Saturday 13 February 2010

Taxi Driver (1976)

Of all the brilliant films made by Martin Scorsese, this one to me is his most potent and haunting in its effect. The setting is 1970's New York, but in truth it could be anywhere, as it really concerns one man's isolation into his own personal hell, created (in part) by the society around him.

At its centre is a definitively intense performance by Robert De Niro as Travis Bickle; in essence an ordinary man (as the poster suggests) but with that explosive element hidden underneath - even in his gentle moments you sense an uneasiness. The idea for the film was borne out of the mind - one might say the soul - of writer Paul Schrader, after a particularly desolate spell of isolation, out of which came this searing screenplay with an uncomfortably real feel to it.

Scorsese's terrifying moodpiece is made that way by colourfully seedy photography by Michael Chapman and a brooding, menacing and typically eccentric score by the late Bernard Herrmann, whose last great contribution to cinema this was (passing away in 1975 before the film's release.) His score conveys not only the menace of the city streets, but also a nostalgia for that transitional era of 1960s/70s New York, with a lovely lingering jazz nighttime theme, ostensibly for the character of Betsy (as played by Cybill Shepherd), whom Travis adores from afar.

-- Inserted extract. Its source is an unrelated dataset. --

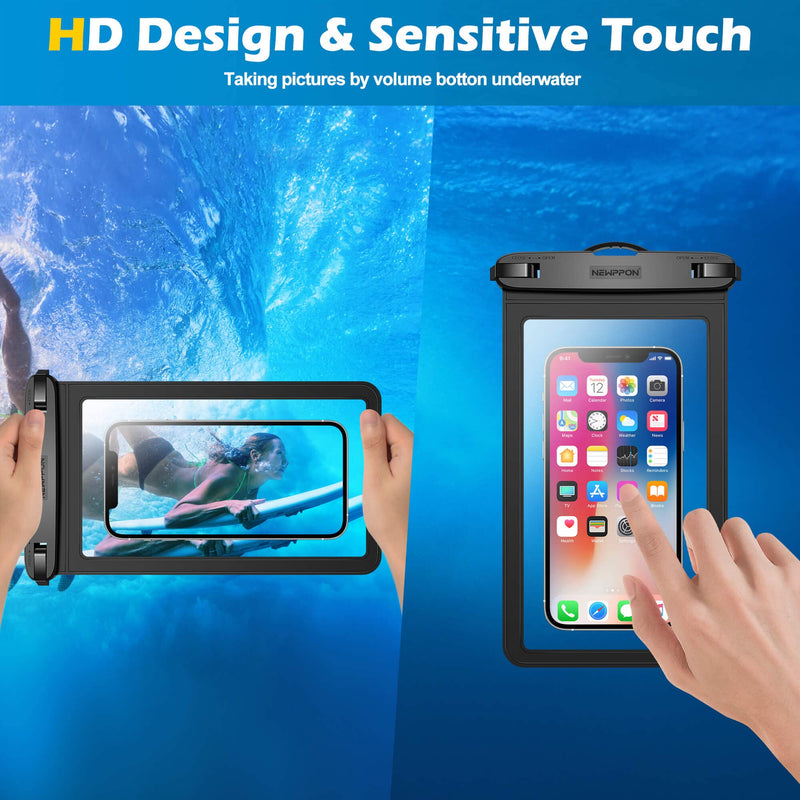 newppon Large Waterproof Phone Pouch : 2 Pack Underwater Clear Cellphone Holder - Universal Water-Resistant Dry Bag Case with Neck Lanyard for iPhone Samsung Galaxy for Beach Swimming Pool Black+Black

Like most elements of the city however, Bickle is set apart from her, as detached from the city and yet as much a part of it in the taxi he drives every night, with the various ill-assorted customers who sit in his back seat - including an aspiring politician (Leonard Harris), a homosexual pimp (a creepily hip performance by Harvey Keitel) and his 12-year old child prostitute Iris (the excellent Jodie Foster), whom Bickle takes on as a personal crusade as his state of mind becomes ever more intense and troubled. This provocative sub-plot hit a chord sufficiently for one young man, John Hinckley, to unsuccessfully assassinate President Ronald Reagan, out of his devotion to Jodie Foster in 1981.

Why Hinckley did this, or what motivates Bickle to want to kill his hero Charles Palantine never seems clear (there are also certain parallels with Bobby Kennedy's assassin); maybe it is just a general reflection of both men's frustrated desire to do something to change society.

Certainly Bickle's motives are more clearly felt when he unleashes his arsenal on the pimp's apartment where Iris is detained. Appropriately, it is Martin Scorsese himself who gives Travis the idea of using guns to solve his problems, in a scene-stealing cameo that's much more than just a Hitchcock-style director's appearance. That, and a later incident in a store where Travis just happens to be wandering in and shoots a burglar, and though he is shooed out of the shop before the police arrive, in his eyes the deed is a gesture of vigilante heroism to help clear up the streets.

The resulting bloodbath that comes at the film's climax, I remember well when I saw it in the autumn of 1989 at the sadly missed Ipswich Film Theatre; Scorsese had become a speciality there, ever since its gala opening with Alice Doesn't Live Here Any More in 1973. The film studies lecturer who introduced the film warned audiences how its violent conclusion might have a disturbing effect, and how it haunted me for some hours afterwards. Even by today's standards, when we are relatively attuned to violent images, this finale still packs a punch.

Bizarrely however, the story takes an unexpected turn when Bickle is cherished as a folk hero after his bloody rampage - with the unseen voice of Iris's father thanking Bickle for his actions. Continuity lets down the side a little here, as Bickle is seen back with the same long haircut he had from earlier in the film, and still doing his taxi round - almost as though nothing had happened. One of his passengers is Betsy, who has similarly warmed to him like the rest of the community, but Travis is wise to her aloofness now - or maybe just too far gone himself to engage in any normal relationship. The ending is unusually mellow for such a horrific climax preceding it, although it does offer a brief hint of the simmering violence underneath, as Travis adjusts his rear view mirror and a Walter Murch "backwards" sound effect conveys the state of the taxi driver's mind as he continues on his way.

A brilliant film, but one to be watched in the right frame of mind, for it preys upon loneliness and isolation and how they can bring one to the brink of despair, or in this case, violence.